# EXERCISE DATA:
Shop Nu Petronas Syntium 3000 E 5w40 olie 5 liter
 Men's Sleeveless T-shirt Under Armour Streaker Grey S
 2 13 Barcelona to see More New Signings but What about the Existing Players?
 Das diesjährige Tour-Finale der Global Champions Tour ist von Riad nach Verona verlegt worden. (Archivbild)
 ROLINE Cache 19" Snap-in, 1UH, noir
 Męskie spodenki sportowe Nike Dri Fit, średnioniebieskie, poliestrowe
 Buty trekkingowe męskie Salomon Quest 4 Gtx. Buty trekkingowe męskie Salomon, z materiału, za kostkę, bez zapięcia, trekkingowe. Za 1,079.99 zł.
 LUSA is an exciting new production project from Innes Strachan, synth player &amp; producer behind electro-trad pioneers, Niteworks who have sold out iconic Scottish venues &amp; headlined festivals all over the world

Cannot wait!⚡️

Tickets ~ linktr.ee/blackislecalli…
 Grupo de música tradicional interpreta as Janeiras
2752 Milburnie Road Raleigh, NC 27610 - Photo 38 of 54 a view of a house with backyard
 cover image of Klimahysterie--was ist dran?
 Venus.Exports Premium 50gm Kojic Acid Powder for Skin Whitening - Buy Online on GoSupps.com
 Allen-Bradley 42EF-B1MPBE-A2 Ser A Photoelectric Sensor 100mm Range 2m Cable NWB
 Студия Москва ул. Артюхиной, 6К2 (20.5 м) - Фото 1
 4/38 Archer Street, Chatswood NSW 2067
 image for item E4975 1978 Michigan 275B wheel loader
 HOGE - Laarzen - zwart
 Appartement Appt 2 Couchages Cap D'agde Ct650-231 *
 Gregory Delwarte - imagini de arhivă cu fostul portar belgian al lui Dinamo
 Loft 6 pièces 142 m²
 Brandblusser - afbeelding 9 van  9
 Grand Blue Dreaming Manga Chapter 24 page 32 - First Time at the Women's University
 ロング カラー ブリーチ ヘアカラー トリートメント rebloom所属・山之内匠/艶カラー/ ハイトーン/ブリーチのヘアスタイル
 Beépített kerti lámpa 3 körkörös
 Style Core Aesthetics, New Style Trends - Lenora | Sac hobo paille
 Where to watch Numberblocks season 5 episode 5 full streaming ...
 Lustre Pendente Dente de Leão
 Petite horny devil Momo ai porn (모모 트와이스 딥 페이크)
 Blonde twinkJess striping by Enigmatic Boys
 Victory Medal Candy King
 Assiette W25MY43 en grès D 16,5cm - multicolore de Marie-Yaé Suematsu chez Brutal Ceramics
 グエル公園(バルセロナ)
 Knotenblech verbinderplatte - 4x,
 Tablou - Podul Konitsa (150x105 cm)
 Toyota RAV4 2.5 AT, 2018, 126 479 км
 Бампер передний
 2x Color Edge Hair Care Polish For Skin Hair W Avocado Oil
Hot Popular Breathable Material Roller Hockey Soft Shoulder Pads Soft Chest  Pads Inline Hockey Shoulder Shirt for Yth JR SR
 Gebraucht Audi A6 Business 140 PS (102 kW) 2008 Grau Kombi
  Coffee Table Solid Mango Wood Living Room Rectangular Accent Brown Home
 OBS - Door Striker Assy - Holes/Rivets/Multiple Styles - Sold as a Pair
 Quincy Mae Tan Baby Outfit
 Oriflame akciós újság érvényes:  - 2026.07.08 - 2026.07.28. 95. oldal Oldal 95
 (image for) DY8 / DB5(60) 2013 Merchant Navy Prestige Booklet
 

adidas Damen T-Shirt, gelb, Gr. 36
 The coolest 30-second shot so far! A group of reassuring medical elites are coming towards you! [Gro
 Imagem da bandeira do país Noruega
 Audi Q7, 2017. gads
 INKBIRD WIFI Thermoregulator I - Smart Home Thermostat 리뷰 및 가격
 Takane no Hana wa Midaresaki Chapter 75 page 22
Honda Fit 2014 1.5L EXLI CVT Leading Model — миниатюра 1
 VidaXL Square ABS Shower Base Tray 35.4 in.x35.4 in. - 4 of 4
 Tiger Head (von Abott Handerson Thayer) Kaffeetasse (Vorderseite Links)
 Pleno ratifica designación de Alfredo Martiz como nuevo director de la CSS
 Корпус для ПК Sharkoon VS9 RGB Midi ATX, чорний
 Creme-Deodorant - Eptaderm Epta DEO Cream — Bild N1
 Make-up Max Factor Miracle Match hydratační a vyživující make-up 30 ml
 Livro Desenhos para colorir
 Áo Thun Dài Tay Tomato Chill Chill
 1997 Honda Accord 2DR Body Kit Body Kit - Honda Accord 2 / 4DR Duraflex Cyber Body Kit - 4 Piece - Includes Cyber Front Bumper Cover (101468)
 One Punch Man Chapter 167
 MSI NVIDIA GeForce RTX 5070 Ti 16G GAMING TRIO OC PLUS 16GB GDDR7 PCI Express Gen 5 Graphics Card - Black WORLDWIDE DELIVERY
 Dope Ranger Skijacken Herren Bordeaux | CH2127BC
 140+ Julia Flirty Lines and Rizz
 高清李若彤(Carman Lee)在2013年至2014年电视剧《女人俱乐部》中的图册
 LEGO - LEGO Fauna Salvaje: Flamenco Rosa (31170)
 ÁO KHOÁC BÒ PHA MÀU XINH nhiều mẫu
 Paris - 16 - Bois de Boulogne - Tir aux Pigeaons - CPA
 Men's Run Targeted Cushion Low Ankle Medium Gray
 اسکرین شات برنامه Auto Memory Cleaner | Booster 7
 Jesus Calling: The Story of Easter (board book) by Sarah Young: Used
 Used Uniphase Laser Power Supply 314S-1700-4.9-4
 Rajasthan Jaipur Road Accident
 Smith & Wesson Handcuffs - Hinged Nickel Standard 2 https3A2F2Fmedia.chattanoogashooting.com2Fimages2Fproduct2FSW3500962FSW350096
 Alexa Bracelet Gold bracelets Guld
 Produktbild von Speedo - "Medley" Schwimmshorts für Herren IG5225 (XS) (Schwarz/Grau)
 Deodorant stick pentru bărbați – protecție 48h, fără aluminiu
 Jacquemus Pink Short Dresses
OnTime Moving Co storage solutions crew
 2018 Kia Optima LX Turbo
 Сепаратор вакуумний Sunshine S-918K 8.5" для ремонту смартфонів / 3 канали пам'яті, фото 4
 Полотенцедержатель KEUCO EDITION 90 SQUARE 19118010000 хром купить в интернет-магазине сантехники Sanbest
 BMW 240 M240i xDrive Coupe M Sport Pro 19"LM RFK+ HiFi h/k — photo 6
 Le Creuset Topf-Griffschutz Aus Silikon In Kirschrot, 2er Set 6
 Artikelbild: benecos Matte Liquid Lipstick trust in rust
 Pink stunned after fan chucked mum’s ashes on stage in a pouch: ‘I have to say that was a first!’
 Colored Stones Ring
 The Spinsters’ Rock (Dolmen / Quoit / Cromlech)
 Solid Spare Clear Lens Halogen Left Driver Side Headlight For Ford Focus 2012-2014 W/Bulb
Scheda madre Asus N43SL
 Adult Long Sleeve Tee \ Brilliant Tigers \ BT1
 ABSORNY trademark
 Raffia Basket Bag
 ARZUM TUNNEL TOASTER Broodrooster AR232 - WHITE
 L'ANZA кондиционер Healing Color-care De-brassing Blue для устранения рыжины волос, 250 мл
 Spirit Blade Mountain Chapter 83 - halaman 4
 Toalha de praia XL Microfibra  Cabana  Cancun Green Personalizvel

# ABOUT THIS EXERCISE:
With the line that has "Assiette W25MY43 en" as the first and the line that has "Áo Thun Dài Tay Tomato Chill Chill" as the last, repeat exactly that run of lines above and no more.

# EXERCISE ANSWER:
 Assiette W25MY43 en grès D 16,5cm - multicolore de Marie-Yaé Suematsu chez Brutal Ceramics
 グエル公園(バルセロナ)
 Knotenblech verbinderplatte - 4x,
 Tablou - Podul Konitsa (150x105 cm)
 Toyota RAV4 2.5 AT, 2018, 126 479 км
 Бампер передний
 2x Color Edge Hair Care Polish For Skin Hair W Avocado Oil
Hot Popular Breathable Material Roller Hockey Soft Shoulder Pads Soft Chest  Pads Inline Hockey Shoulder Shirt for Yth JR SR
 Gebraucht Audi A6 Business 140 PS (102 kW) 2008 Grau Kombi
  Coffee Table Solid Mango Wood Living Room Rectangular Accent Brown Home
 OBS - Door Striker Assy - Holes/Rivets/Multiple Styles - Sold as a Pair
 Quincy Mae Tan Baby Outfit
 Oriflame akciós újság érvényes:  - 2026.07.08 - 2026.07.28. 95. oldal Oldal 95
 (image for) DY8 / DB5(60) 2013 Merchant Navy Prestige Booklet
 

adidas Damen T-Shirt, gelb, Gr. 36
 The coolest 30-second shot so far! A group of reassuring medical elites are coming towards you! [Gro
 Imagem da bandeira do país Noruega
 Audi Q7, 2017. gads
 INKBIRD WIFI Thermoregulator I - Smart Home Thermostat 리뷰 및 가격
 Takane no Hana wa Midaresaki Chapter 75 page 22
Honda Fit 2014 1.5L EXLI CVT Leading Model — миниатюра 1
 VidaXL Square ABS Shower Base Tray 35.4 in.x35.4 in. - 4 of 4
 Tiger Head (von Abott Handerson Thayer) Kaffeetasse (Vorderseite Links)
 Pleno ratifica designación de Alfredo Martiz como nuevo director de la CSS
 Корпус для ПК Sharkoon VS9 RGB Midi ATX, чорний
 Creme-Deodorant - Eptaderm Epta DEO Cream — Bild N1
 Make-up Max Factor Miracle Match hydratační a vyživující make-up 30 ml
 Livro Desenhos para colorir
 Áo Thun Dài Tay Tomato Chill Chill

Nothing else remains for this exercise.